Saturday 01 Oct 2016

Venting a Spleen
Sjef Frenken

Just as we were about to sit down with our tray of lunchtime goodies, Jack’s cell phone – a recent acquisition – played a little tune. It sounded like something Jack had composed himself. Jack activated his new toy.

“Who’s this?” asked Jack.

I could faintly hear a tinny voice coming from near Jack’s ear.

“So the Prime Minister wants to have a word with me, does he? Well, you tell him I’m on my lunch-break and I don’t want to talk to him. Tell him to call me at home, this evening.”

Long pause … Some people around us had stopped eating and were watching Jack with a great deal of interest. Maybe even respect.

“It’s that urgent, is it? Well you tell him to keep it short. My lunch is getting cold.”

Brief pause …

“… Same to you Steve. What’s up? What’s so important it couldn’t wait till this evening?”

Pause… I couldn’t hear any of the conversation.

“… I don’t think so, Steve.

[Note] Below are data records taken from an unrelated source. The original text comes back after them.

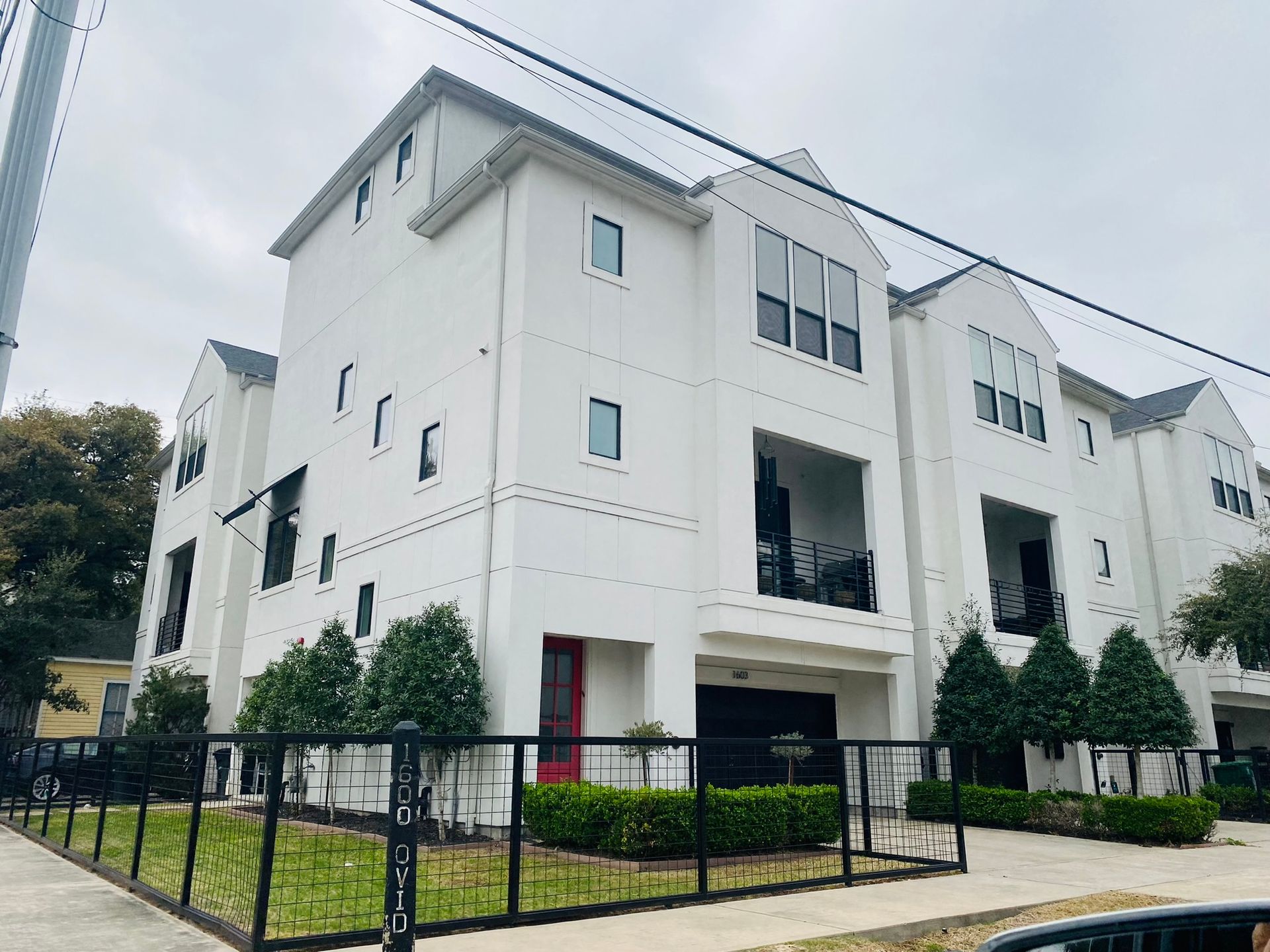 A large white apartment building with a black fence around it.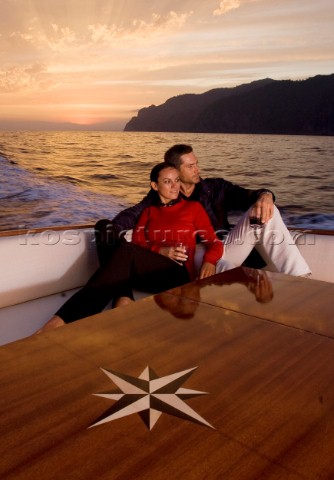 Lifestyle couple onboard a Vicem 72 classic motor yacht in the sunset Model Released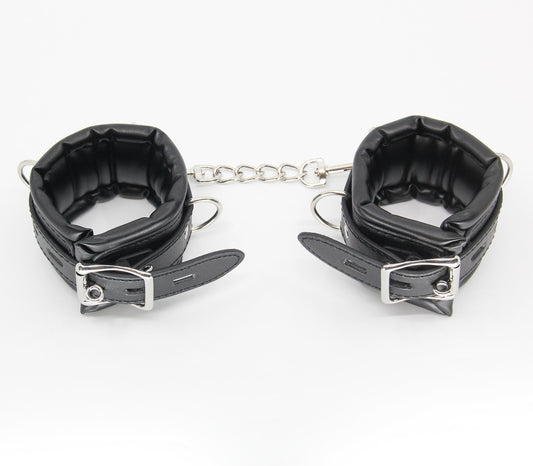 Love In Leather Heavily Padded Wrist Restraints With Dee Rings Lockable Buckles
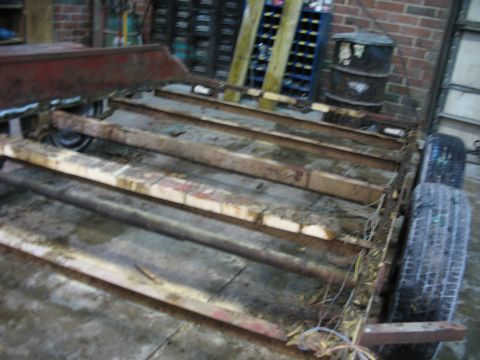 1900 Ford C-350 (Centurion Conversions) - A trailer chassis with wooden planks and two tires is shown in a workshop setting.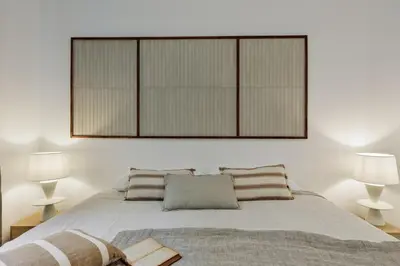 a bedroom with two beds and a desk and a window at Pogerola - 2 bedrooms, balcony and terrace in Ciutat Vella in Barcelona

I think that would be a mistake. A big mistake.”

Pause…

“… I think you’ve made enough blunders over the past few years to last Canadians for a lifetime.”

Pause…

“… So what if they elected you for a second term. It wasn’t because they liked you and your policies, it’s because they liked the others even less. That’s no recommendation, Steve.”

Pause …

“… And don’t try to bribe me with a Senate seat. I’m retired, and I don’t want to spend my time listening to a bunch of old geezers snoring in the Upper Chamber. I’ve got better things to do. Now, are you through? Or do I have to listen to any more of your bullshit?”

Pause…  I’m straining to hear the other end of the conversation, but I can’t make out a word.

“ … Well,” says Jack, “fuck you too Steve.” And he closed his cell phone.

I realize that there are quite a few people around who’ve been following Jack’s part of the conversation. And they are shocked. Not only at Jack’s expletive, but also at the lack of deference he has shown for Canada’s Prime Minister. I mean, he may not be everyone’s favourite, but still, he is owed some respect for the position he occupies.

One of the spectators looks as if he is about to approach and give Jack a piece of his mind. Jack sees him and stands up, glaring at the man. Jack says: “Back off!”  The man, uncertain of the situation, mutters something under his breath and gets back to his seat.

Jack attacks his lunch. I follow suit.

After a few mouthsful I ask Jack “Where do you know the Prime Minister from? You never told me you knew him.”

Jack says: “I never told you, because I don’t know him.”

I say: “Then why did he call you?”

Jack says, quietly: “That was a wrong number.”

Sjef Frenken is a renaissance man: thinker, writer, translator and composer of much music. A main interest, he has many, is setting to music the poetry, written for children, during the Victorian and Edwardian eras. Nimble of mind, Sjef is a youthful retiree and a great-grandfather. Mostly he's a content man, which facilitates his relentless multi-media creativity.